- PROBLEM TO SOLVE
In the records below, find the line with "Pakistan: koniec protestów" and repeat it and every line after it, exactly, without any pictures.

- GIVEN INFORMATION
=-=-=-=-=

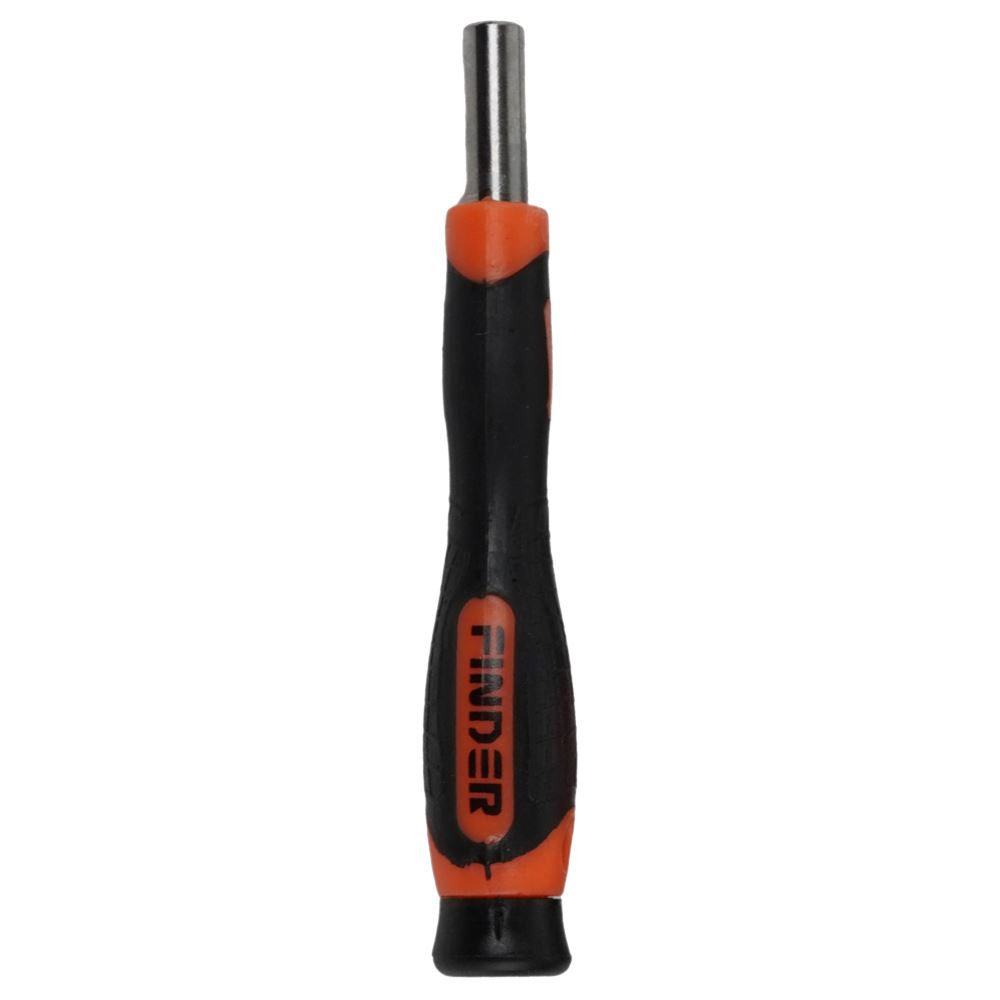 Bộ dụng cụ vặn vít 65 món Finder 193219 Màu Đen - Cam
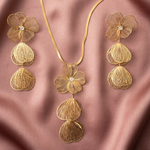 Golden Bloom Cascade Set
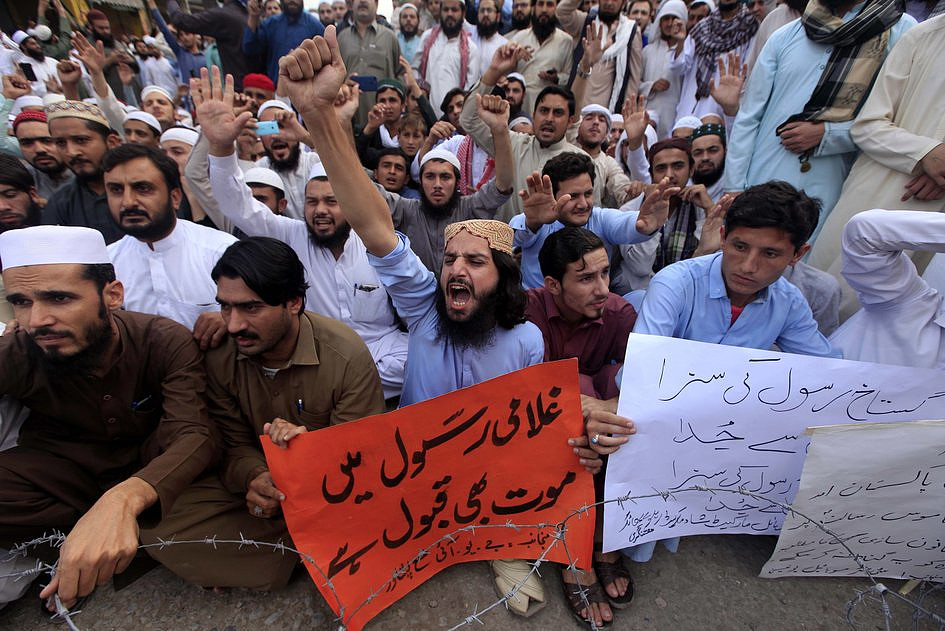 Pakistan: koniec protestów islamistów. Jest zmiana postanowień ws. uniewinnienia Asi Bibi - zdjęcie w treści artykułu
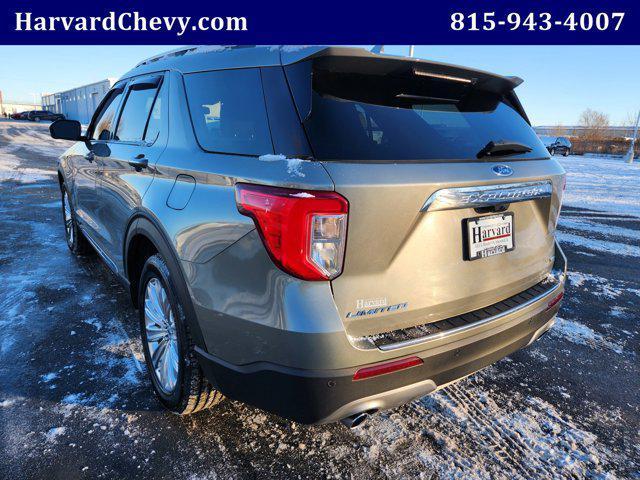 used 2020 Ford Explorer car, priced at $21,000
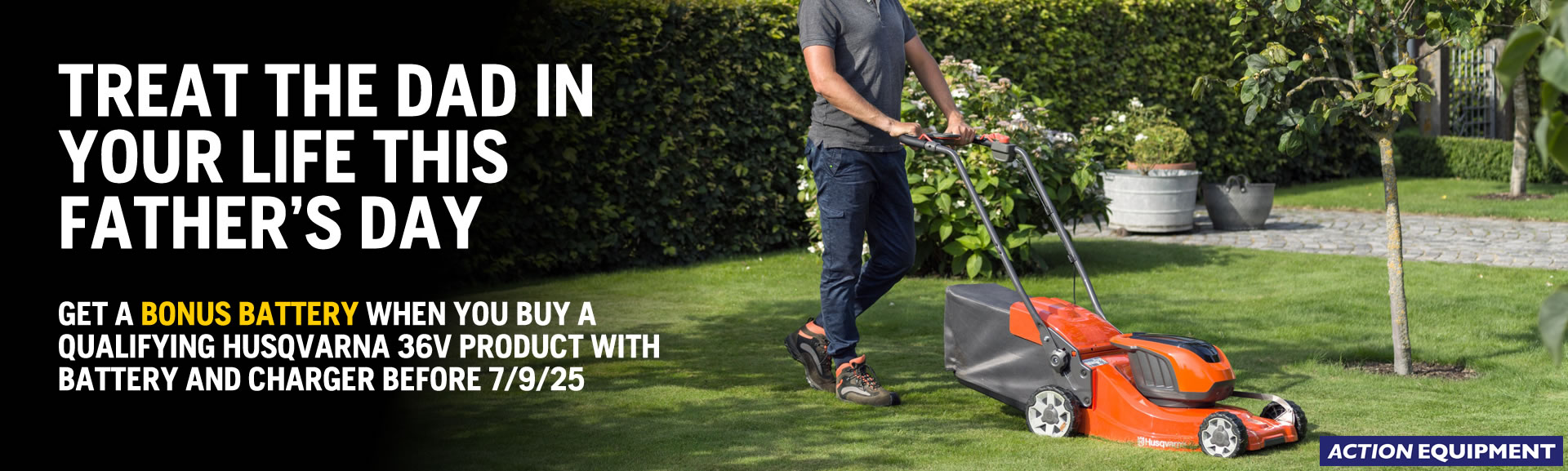 2508 husqvarna fathers day NEW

=-=-=-=-=

- ANSWER
 Pakistan: koniec protestów islamistów. Jest zmiana postanowień ws. uniewinnienia Asi Bibi - zdjęcie w treści artykułu
 used 2020 Ford Explorer car, priced at $21,000
 2508 husqvarna fathers day NEW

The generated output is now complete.